> **RECORDS PROVIDED**:
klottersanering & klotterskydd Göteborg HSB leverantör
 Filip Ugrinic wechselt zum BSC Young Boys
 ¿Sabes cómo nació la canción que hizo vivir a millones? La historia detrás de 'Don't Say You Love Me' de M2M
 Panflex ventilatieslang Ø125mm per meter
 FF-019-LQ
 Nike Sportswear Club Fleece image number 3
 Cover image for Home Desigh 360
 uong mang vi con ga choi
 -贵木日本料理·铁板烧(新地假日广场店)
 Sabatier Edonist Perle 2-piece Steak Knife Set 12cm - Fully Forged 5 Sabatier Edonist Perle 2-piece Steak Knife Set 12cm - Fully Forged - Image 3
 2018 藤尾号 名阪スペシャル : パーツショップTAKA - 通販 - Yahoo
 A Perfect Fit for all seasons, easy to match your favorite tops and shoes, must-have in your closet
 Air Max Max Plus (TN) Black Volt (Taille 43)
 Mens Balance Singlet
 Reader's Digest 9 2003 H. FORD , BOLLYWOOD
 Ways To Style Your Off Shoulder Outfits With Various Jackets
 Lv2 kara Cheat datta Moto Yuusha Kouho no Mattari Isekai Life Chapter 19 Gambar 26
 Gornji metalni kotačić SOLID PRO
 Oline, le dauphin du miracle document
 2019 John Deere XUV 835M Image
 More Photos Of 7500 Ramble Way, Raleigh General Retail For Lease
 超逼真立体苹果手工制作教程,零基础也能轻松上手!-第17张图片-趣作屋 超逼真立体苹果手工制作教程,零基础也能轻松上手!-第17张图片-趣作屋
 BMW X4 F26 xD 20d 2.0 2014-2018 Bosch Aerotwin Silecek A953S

> **EXERCISE**: Repeat the data above starting at the line with "Lv2 kara Cheat" and ending at its last line, exactly, with no other lines.

> **ANSWER TO THE PROBLEM**:
 Lv2 kara Cheat datta Moto Yuusha Kouho no Mattari Isekai Life Chapter 19 Gambar 26
 Gornji metalni kotačić SOLID PRO
 Oline, le dauphin du miracle document
 2019 John Deere XUV 835M Image
 More Photos Of 7500 Ramble Way, Raleigh General Retail For Lease
 超逼真立体苹果手工制作教程,零基础也能轻松上手!-第17张图片-趣作屋 超逼真立体苹果手工制作教程,零基础也能轻松上手!-第17张图片-趣作屋
 BMW X4 F26 xD 20d 2.0 2014-2018 Bosch Aerotwin Silecek A953S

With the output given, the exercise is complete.